In nursing school we had earned that although patients are comatose, their hearing is the last sense to be lost. We were encouraged to speak to comatose patients and believe they could hear and understand. I found this often hard to do, but did it occasionally with other patients.

So while I continued to work with Mr. Sick that day, I told him the whole story of the Gospel. I explained how Jesus came as a baby, lived as a boy, and became the Savior. I told how his sin and my sin had separated us from God. I quoted Scriptures about salvation, righteousness, hell, heaven, and the afterlife.

Then I asked Mr. Sick if he wanted to pray to repent of his sins, that which separated him from God. Of course, I looked for a response and saw none.

Then I prayed over him and asked God to give him peace in his soul, to come into his heart, and to prepare him for his home in heaven. I opened my eyes to see a single tear rolling down his cheek as I prayed. He never spoke or moved his hands, but that tear streamed down his face.

I knew this was Mr. Sick’s spirit receiving the words I spoke. Not because I spoke them, but because they were words of pure life that led to eternal life. It was so glorious and touching.

My attitude changed toward Mr. Sick. He became my favorite. I joyed in all of his care and treated him tenderly and lovingly as a daughter would.

The next day I ran to see if I had been assigned to be his nurse that day, and I wasn’t. As soon as I could, I slipped off my floor to his room to find that he had passed away in the night.

Jesus had taken him home.

I stood in his empty room now with tears streaming down my face for the soul who had entered heaven, prepared and ready because of the price Jesus had paid for him.

It doesn’t matter the depth of sin or the physical condition of humankind before they are destined to meet their Maker. God is not willing that anyone of us should not be ready for heaven.

World societies and cultures today despise the comatose, the near-death person. They want them gone, so the living can get on with living. I found the seeds of this very attitude in my own heart years ago.

This experience shows how valuable the last moments of a person’s life really are. How precious and life changing they can be. How critical it is for we who bear Christ’s light to keep it burning at all times.

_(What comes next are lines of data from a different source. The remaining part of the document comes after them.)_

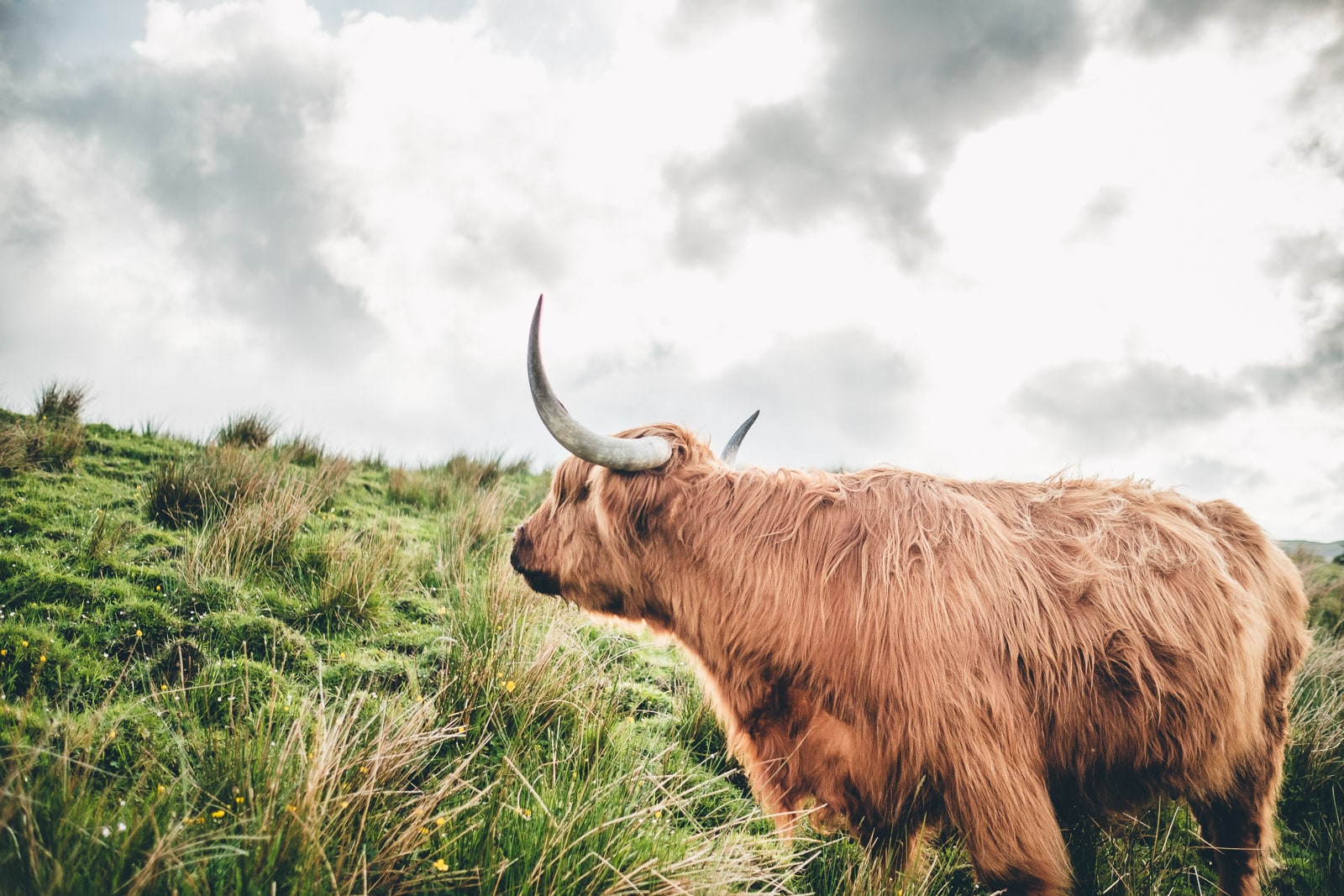 Isle of Skye Highland Coo Looking Away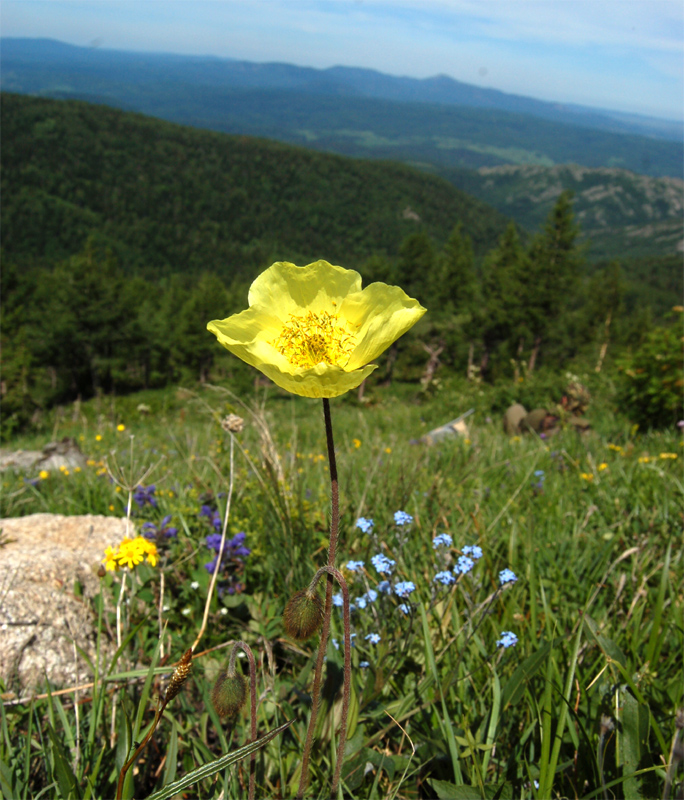 Image of Papaver pseudocanescens specimen.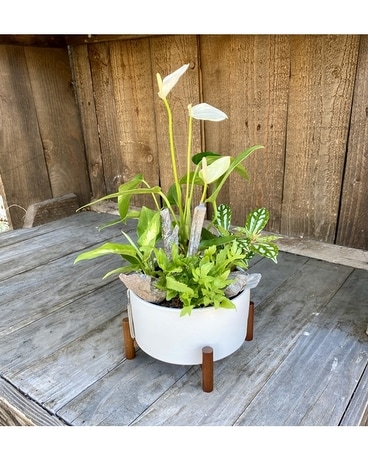 Perfect Tropical Planter Plant
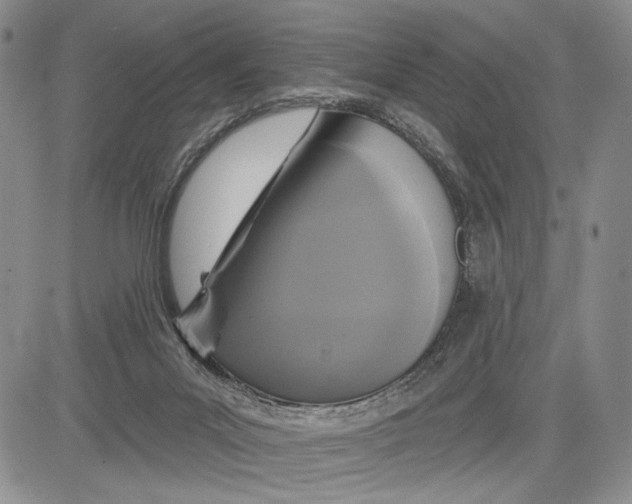 X0000081580023200702051250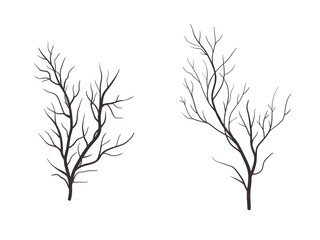 Set of dead tree vector illustration.  twig without leaves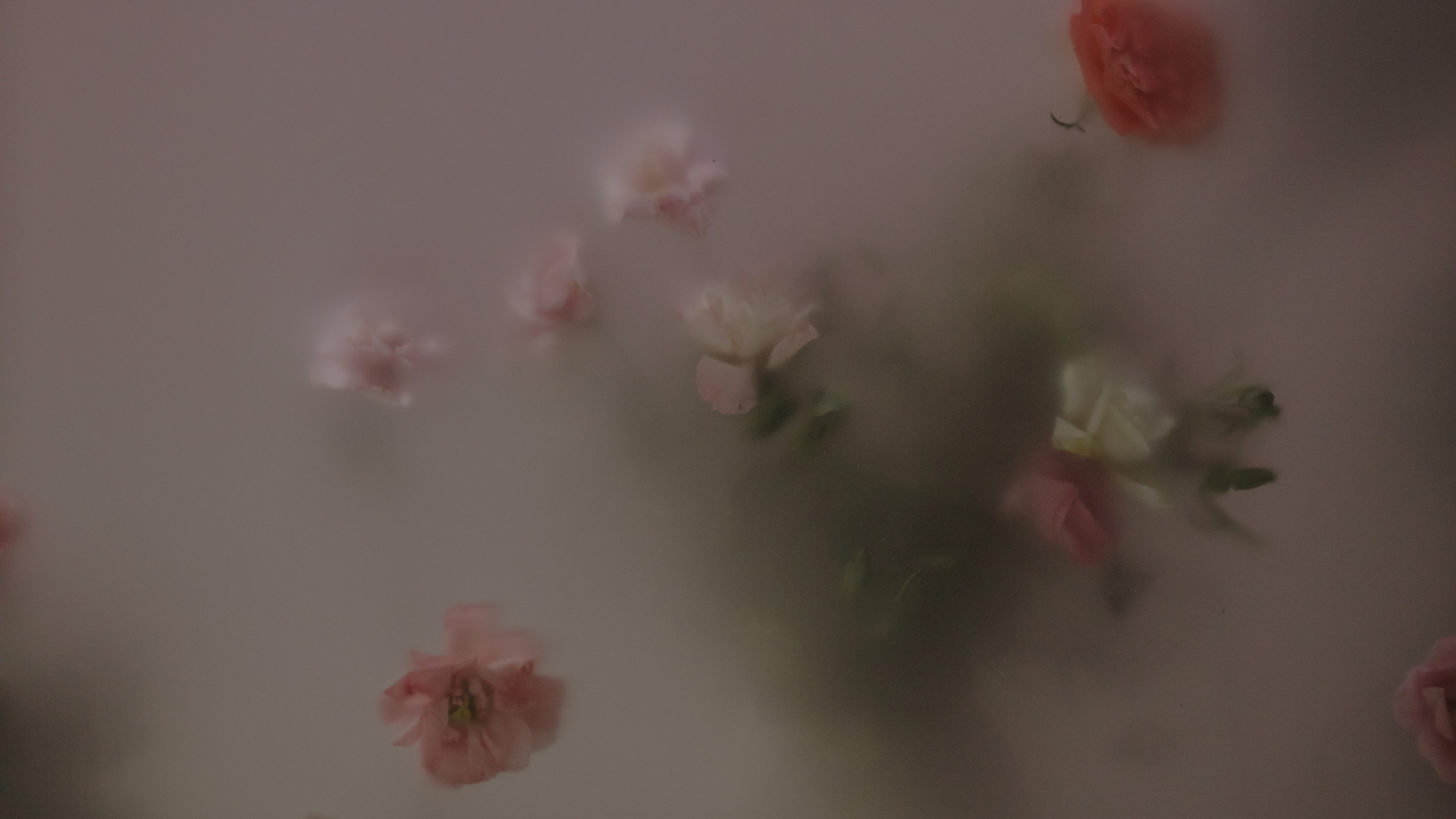 Download Aesthetic 4k Ultra HD Wallpaper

“The wages of sin are death, but the gift of God is eternal life.”

5 Comments

  1. Bonnie, how good it was that you obeyed the Holy Spirit, stepped out in faith, and spoke over Mr. Sick what he needed to hear. As you said, the living sometimes despise the dying because it requires the uncomfortable examination of one’s own mortality. Yet some of us are charged with serving these precious souls during their final days on earth, and even ushering them into eternity, as you did with your patient. Thanks for sharing….and with your permission I’m going to print this one out to share with my co-workers!

  2. Dear Bonnie,
    I was google searching for a birthday haiku – found your BLOG and this story. I have been dealing with a very abusive family situation – and a combative mother who is dying – not gracefully. Somehow your story brought hope – and GRACE.
    blessings,
    Catherine

  3. A very moving testimony. In my country the sick and dying are looked after by family traditionally, but these days selfishness and carelessness has crept in.

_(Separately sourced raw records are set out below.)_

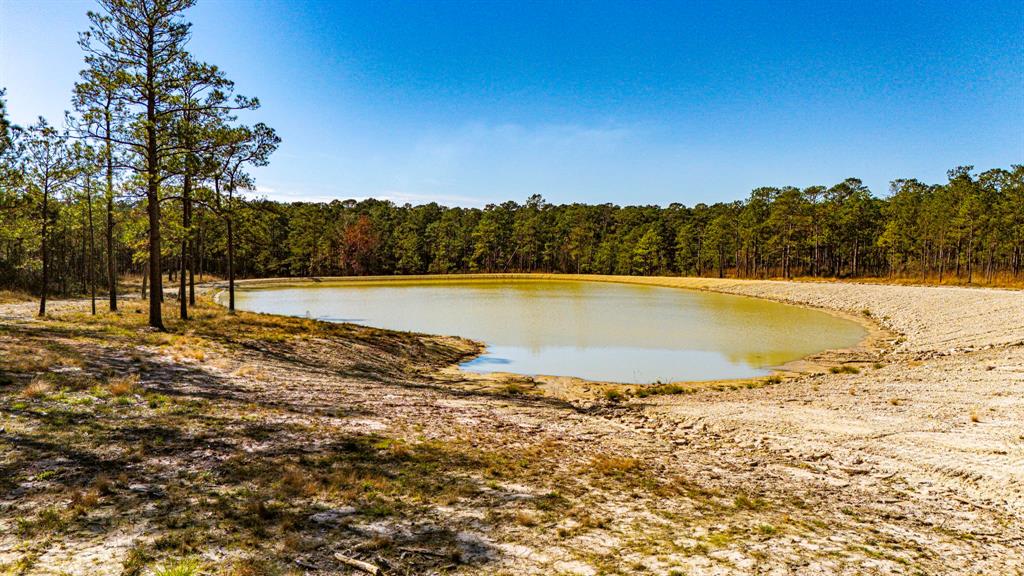 026 King Ranch Rd South Road, Onalaska, Texas image 7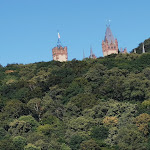 Photo n°6 de l'avis de Bine.8 fait le 07/08/2022 à 18:52 sur le  K.U.K. Weinhäuschen à Bonn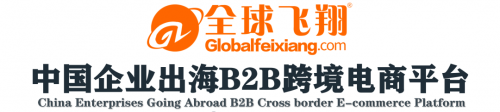 中国企业出海,全球飞翔跨境电商平台徐茂刚带队36家企业出访埃塞俄比亚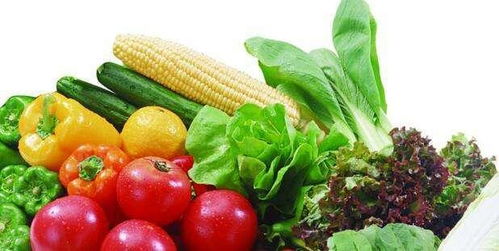 看濰坊是如何把好蔬菜質(zhì)量安全關(guān)口的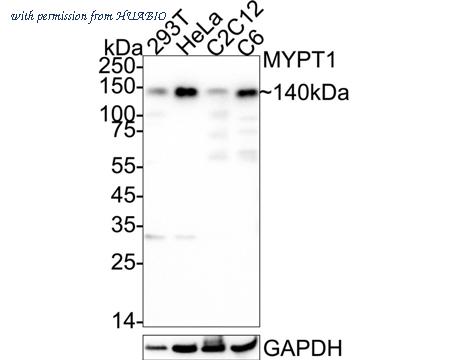 HUABIO ER64090 image 1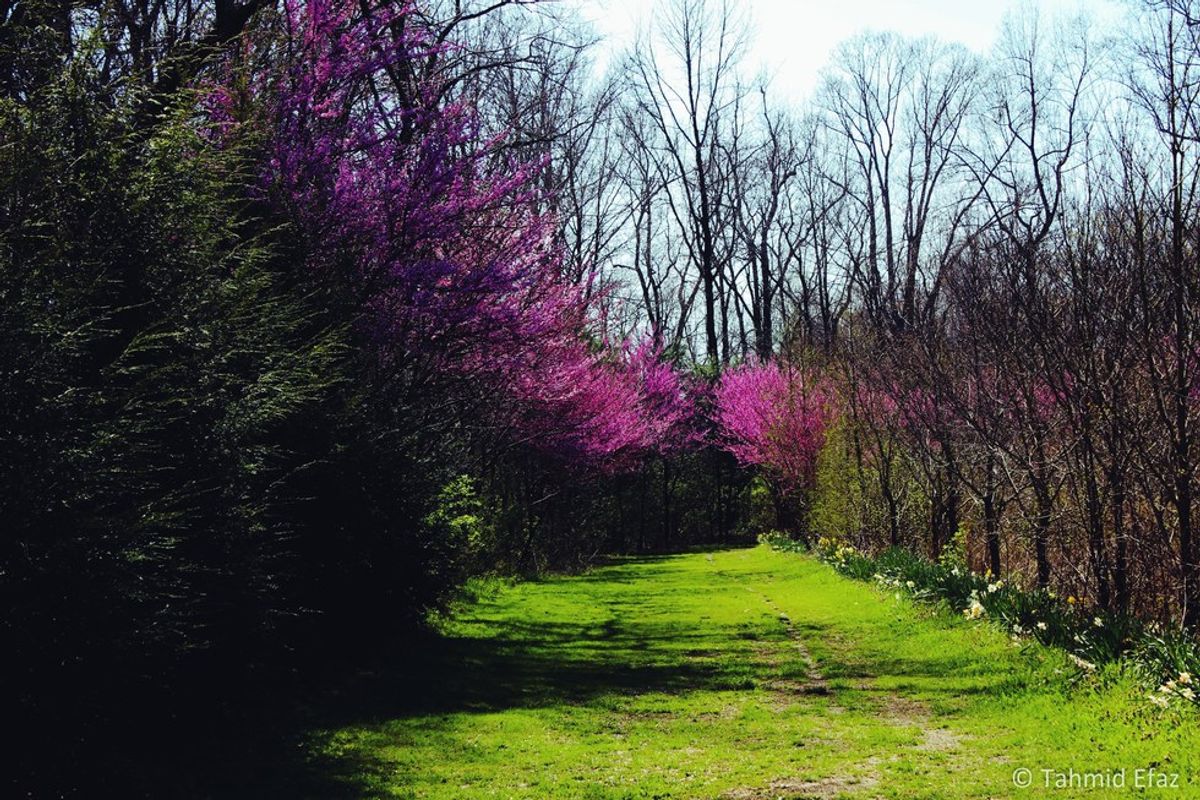 The Magnolia Blooms of Spring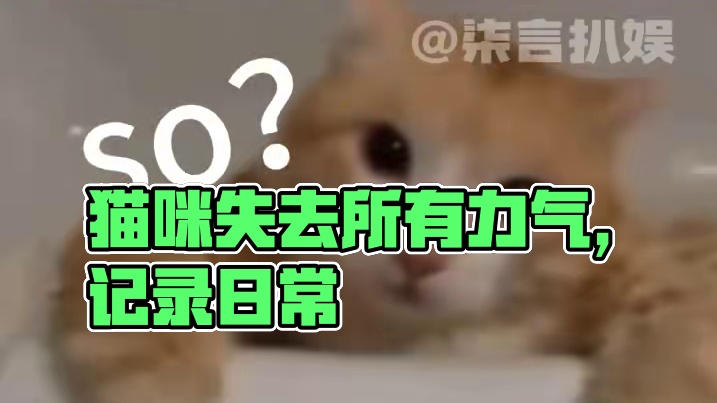 疑似失去所有力气和手段#猫咪 #记录猫咪日常 #萌宠 #橘猫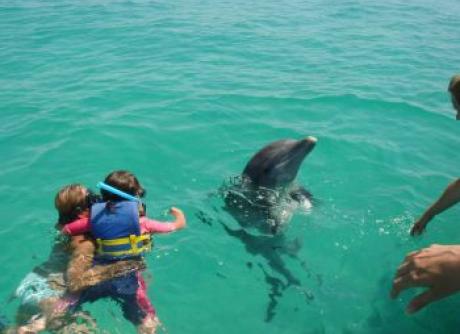 Dauphin à Panama city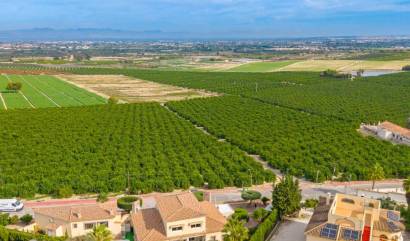 Venta - Villa - Algorfa - Castillo De Montemar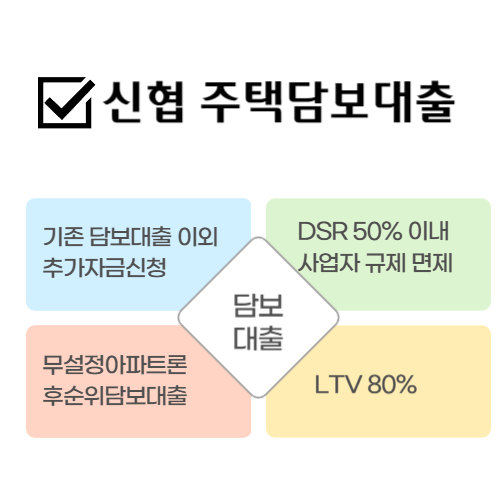 DSR 규제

    I have seen several elders of my family die and was the only family around when my Dad and his elder brother went to be with the Lord in hospital.I am really touched by your story.

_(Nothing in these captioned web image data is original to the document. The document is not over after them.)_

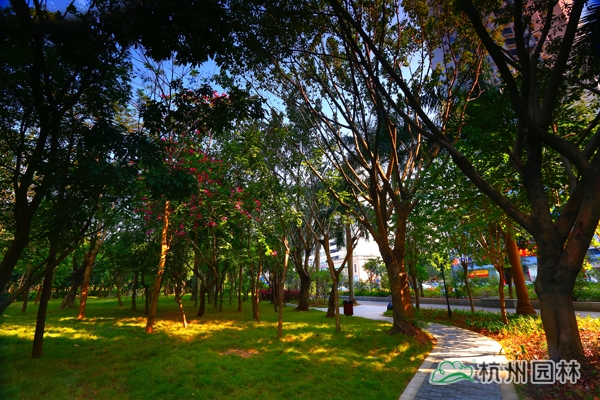 彩运网(中国游)官方网站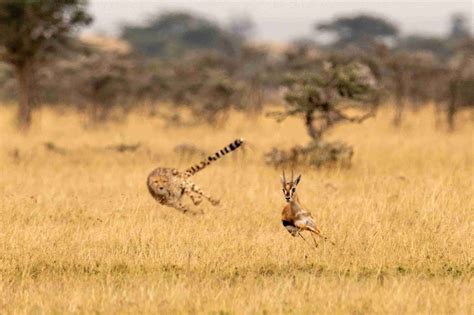 fast   cheetah run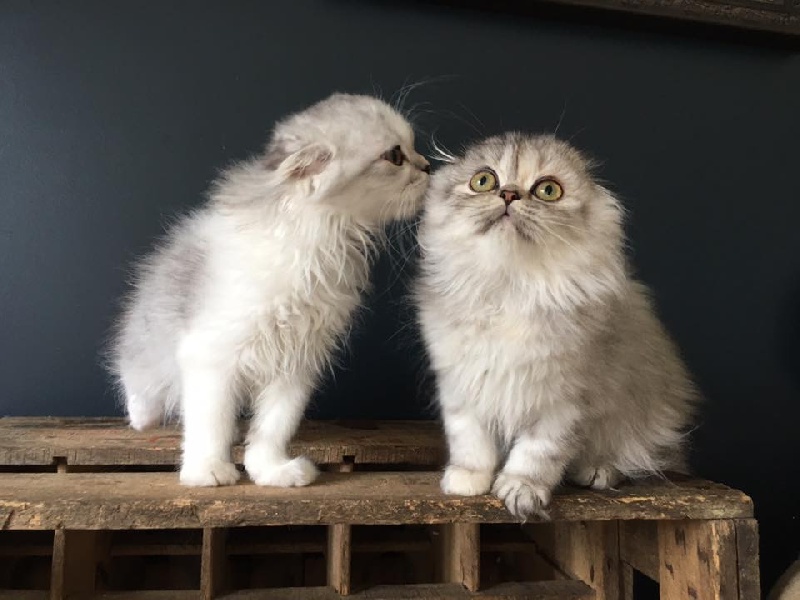 chaton Scottish Fold De La Brocante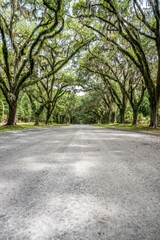 wormsloe historic site, savannah, georgia
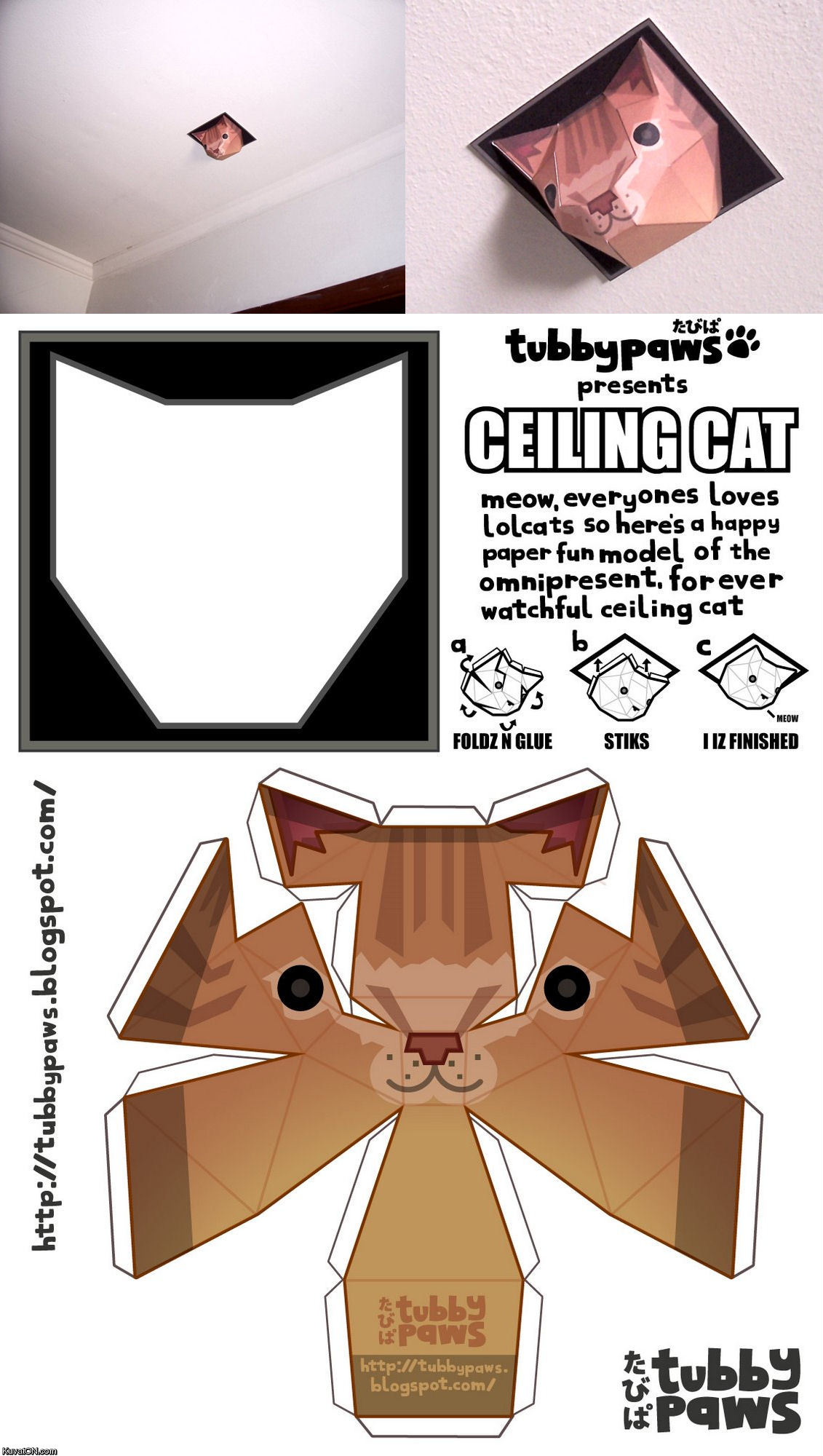 ceilingcat.jpg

  4. Wow, I am so touched by this story. Thank you for sharing it! The one-sided conversation in those final hours of a comatose patient is so vital, I believe. My grandfather was in a coma-like state the week before he died. He’d had no food or drink that week. When his son told him he’d forgiven him for some things in the past and asked for his forgiveness, too, everyone was suprised to see a single tear roll down my grandfather’s otherwise unresponsive face. The doctors said it was a miracle, because there had been no fluids in him for several days. We believe it was the Lord giving us evidence, if only for our benefit, that he was able to hear and receive what we were saying.